At the hearing on Tuesday, the school’s lawyer, Ellen K. Eagen of Hiscock & Barclay, argued that Williamsburg Charter’s board had taken steps in the past eight weeks to turn the school around.

The school’s board members who had conflicts of interest have resolved them or left the board, Ms. Eagen said. They have hired a management firm, Charter School Business Management, to review the school’s books. And the board has fired Mr. Calderon-Melendez, who Ms. Eagen called the source of most of the school’s troubles.

“I want to make it very clear, chancellor, that Eddie is gone,” she told Kathleen Grimm, the deputy schools chancellor who led the hearing. “He is no longer involved with this school.”

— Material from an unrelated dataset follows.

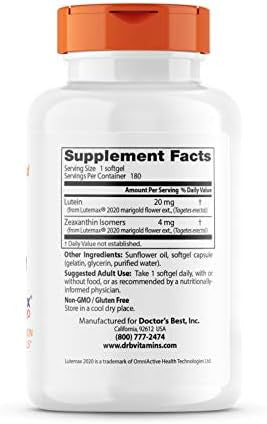 Doctor'S Best Lutein 20 Mg Supports Eye Health & Performance Nongmo Gluten 180 Softgels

Mr. Calderon-Melendez, who opened Williamsburg Charter in 2004 and went on to form the Believe High School Network in Brooklyn, suffered from “founder’s syndrome,” Ms. Eagen said, which she recognized from her experience as a former teacher and school administrator.

Like some other founders, she said, Mr. Calderon-Melendez was charming and charismatic but ran his school with little influence from others. “We had one person calling the shots,” she said.

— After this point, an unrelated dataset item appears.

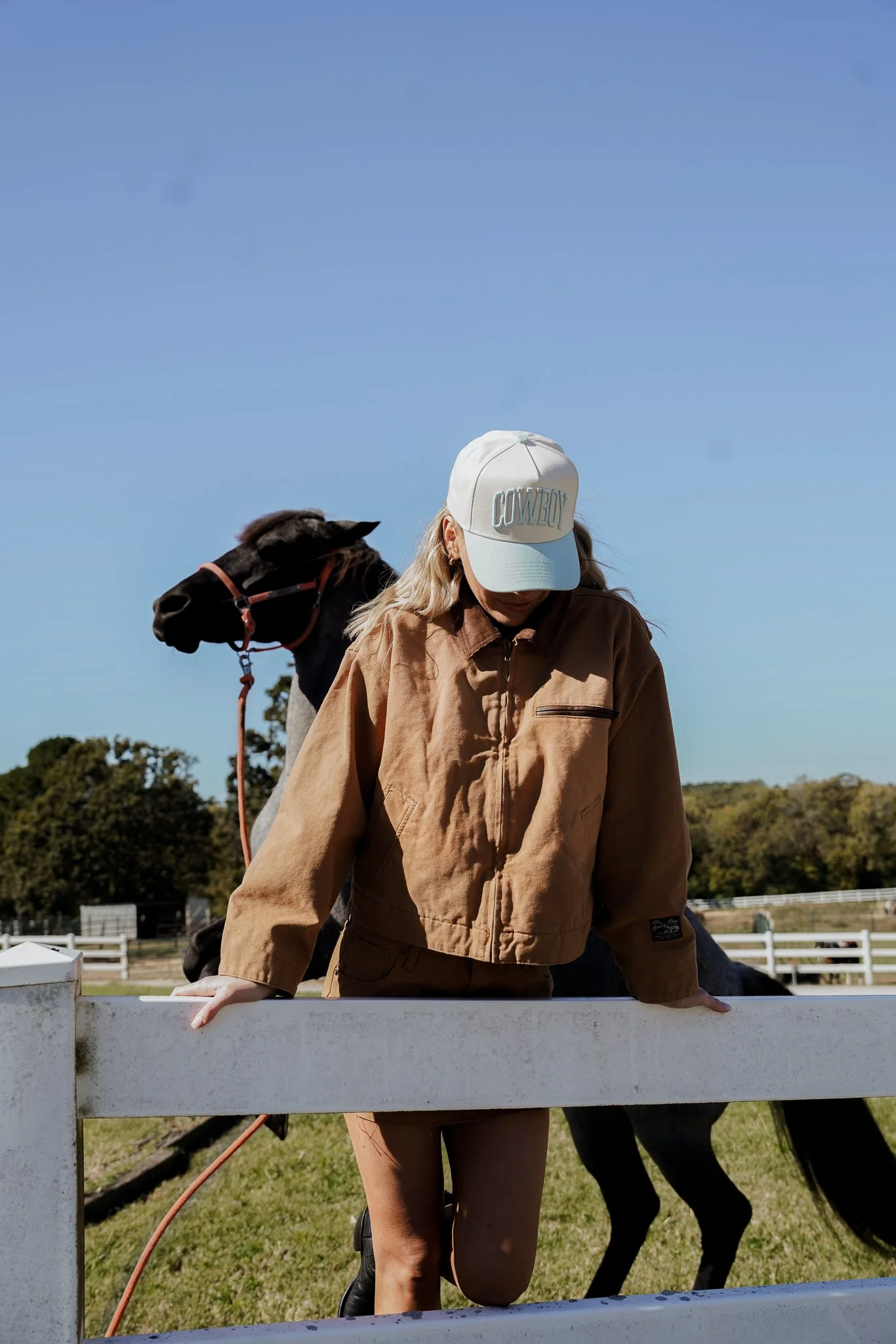 Cowboy - Baby Blue Vintage Trucker Hat - Image 2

Williamsburg Charter is not the only school in Mr. Calderon-Melendez’s charter network facing closing. In January the city announced that it would shut down the other two Believe charter schools -- Believe Northside Charter High School and Believe Southside Charter High School, both in Williamsburg -- though the state granted Northside a last-minute reprieve last week.

But while removing Mr. Calderon-Melendez is a step in the right direction, said Chad Pimentel, a lawyer with the Department of Education, the move was not enough to fix Williamsburg Charter. Years of mismanagement, he said, have saddled the school with as much as $6 million in debt.

Ms. Eagen disputed that the debt was that high, but could not provide a more accurate figure.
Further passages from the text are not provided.